Book by Betsey Leondar-Wright, 2005
Reviewed by Anette Kinley in December 2008 Research Update


 

It is often the case that organizations or groups trying to address poverty and working-class issues are mainly, if not totally, represented by middle-class people. The differences in perspectives and life experiences between classes can lead to a variety of misunderstandings, missteps and frustrations that create barriers to working together effectively toward common goals.

Class Matters is an engaging collection of stories and practical ideas from experienced advocates that illuminate how the class differences that can limit the progress of groups working for social change can be overcome. To put it in author Betsy Leondar-Wright’s words, “We all have the choice to get by, get over, or get together. This book is for those who take the “get together” path, and its goal is to help us get together across class differences.” (page 7)

Even though I haven’t read it from cover to cover – yet! – I am convinced that Class Matters should be recommended, if not required, reading for people working for social change. It is of particular interest to those who are working with, or seeking to work with, people from diverse class backgrounds (and across cultures, ethnicities, gender, sexual orientations, etc.).

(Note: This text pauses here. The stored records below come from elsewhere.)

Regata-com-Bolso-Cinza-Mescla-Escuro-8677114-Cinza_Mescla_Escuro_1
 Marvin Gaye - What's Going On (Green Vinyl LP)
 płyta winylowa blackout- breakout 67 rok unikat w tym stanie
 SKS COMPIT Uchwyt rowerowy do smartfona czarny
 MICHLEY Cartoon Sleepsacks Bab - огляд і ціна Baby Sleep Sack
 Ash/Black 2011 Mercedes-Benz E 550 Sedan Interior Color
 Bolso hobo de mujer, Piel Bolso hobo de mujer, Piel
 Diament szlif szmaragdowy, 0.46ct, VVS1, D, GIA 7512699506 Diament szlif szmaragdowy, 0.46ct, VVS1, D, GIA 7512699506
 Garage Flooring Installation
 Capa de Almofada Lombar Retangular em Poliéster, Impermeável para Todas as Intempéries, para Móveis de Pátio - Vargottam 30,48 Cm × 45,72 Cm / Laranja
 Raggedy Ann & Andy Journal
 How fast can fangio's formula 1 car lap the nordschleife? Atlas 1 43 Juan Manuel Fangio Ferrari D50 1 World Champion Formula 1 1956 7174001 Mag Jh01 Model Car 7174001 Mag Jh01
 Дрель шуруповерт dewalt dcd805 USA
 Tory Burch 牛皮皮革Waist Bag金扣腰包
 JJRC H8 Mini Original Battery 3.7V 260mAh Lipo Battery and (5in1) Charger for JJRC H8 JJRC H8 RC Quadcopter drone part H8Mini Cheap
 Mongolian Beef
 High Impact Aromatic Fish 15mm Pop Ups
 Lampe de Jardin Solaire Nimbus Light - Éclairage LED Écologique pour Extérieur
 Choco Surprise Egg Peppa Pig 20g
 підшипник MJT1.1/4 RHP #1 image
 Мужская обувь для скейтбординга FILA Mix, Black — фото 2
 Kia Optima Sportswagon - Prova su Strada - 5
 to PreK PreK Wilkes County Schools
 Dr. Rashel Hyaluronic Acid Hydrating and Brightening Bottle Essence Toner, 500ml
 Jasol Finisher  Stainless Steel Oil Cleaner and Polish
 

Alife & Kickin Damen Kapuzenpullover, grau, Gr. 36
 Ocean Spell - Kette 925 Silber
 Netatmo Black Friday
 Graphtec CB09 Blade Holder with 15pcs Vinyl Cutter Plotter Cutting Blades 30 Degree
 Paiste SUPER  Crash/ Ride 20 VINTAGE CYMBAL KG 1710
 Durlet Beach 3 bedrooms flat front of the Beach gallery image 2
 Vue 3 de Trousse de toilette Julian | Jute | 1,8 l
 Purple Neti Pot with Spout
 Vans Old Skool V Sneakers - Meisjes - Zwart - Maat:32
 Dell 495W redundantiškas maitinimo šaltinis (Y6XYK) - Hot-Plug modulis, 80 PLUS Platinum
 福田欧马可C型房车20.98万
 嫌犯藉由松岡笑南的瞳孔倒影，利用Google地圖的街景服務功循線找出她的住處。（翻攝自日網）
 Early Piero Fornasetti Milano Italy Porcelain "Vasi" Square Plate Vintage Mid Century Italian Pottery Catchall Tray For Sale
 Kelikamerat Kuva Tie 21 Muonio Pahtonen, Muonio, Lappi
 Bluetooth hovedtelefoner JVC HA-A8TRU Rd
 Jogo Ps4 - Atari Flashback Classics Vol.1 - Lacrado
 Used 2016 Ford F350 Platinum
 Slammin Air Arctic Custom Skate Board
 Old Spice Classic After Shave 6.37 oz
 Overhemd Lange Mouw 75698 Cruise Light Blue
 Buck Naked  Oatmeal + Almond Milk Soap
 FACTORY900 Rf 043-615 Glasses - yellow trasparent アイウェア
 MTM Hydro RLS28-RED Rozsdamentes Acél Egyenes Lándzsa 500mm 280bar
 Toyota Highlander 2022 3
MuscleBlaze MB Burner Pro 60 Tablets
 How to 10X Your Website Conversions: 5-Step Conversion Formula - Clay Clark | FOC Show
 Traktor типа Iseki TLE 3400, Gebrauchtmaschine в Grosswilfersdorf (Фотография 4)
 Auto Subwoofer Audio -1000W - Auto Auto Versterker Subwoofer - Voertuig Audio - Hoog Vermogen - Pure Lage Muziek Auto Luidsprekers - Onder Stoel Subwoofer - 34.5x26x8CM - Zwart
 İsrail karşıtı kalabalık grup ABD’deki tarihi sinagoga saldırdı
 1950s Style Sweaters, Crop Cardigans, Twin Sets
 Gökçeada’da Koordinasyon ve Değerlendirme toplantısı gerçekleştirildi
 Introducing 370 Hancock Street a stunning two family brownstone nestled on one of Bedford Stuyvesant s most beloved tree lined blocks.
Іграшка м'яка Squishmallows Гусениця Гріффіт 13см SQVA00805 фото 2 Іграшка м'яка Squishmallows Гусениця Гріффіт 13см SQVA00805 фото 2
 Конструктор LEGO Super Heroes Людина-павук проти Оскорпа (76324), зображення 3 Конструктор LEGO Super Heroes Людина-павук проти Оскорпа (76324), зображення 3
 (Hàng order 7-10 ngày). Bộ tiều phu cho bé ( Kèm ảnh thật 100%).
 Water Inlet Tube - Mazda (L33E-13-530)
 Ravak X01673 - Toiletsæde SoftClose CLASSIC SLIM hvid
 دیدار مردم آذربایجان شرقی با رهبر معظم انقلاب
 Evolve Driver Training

The variety of issues covered by this book makes it difficult to summarize. One of its main focuses, however, is recognizing and countering the socially conditioned, and often unconscious, behaviours and assumptions that distance middle-class activists from the working-class people they are trying to help.

“… we all make mistakes. There’s not a middle-class person alive who hasn’t said dumb,insensitive things that step on working-class toes. … As we talk, working-class people notice how oblivious or how aware of class issues we seem, and make decisions about how much to collaborate with us based on those evaluations, among others factors. The goal of reducing the classism in our speech is not to keep ourselves out of trouble by avoiding angering working-class people, and it’s not to reach some kind of perfect non-classist purity. The goal is to make ourselves more trustworthy and to alienate working-class people less so that we can work together for economic justice and other common goals.” (page 89)

The book concludes with practical tips and resources to help break down the barriers of class difference and enable groups to work together effectively for social change. Some of these tips include: 

  • Moving from pretense to authenticity: building trust through honesty in dialogue.
  • Moving from politeness and caution to openness and humor: build relationships through friendliness and respect.
  • Moving from competition and superiority to confident humility: recognizing our common limitations as human beings.
  • Moving from excessive abstraction to groundedness: rooting discussion and action in reality.
  • Moving from guilt to balanced responsibility: avoiding being mislead or immobilized by guilt.
  • Moving from individual achievement to community interdependence: seeing the big picture, balancing individual tasks and relation-ships/working together.

Class Matters is now at the top of my reading list! If you’re experiencing, or just plain interested in, the tensions and challenges (and rewards!) of cross-class work, you might want to add it to yours, too.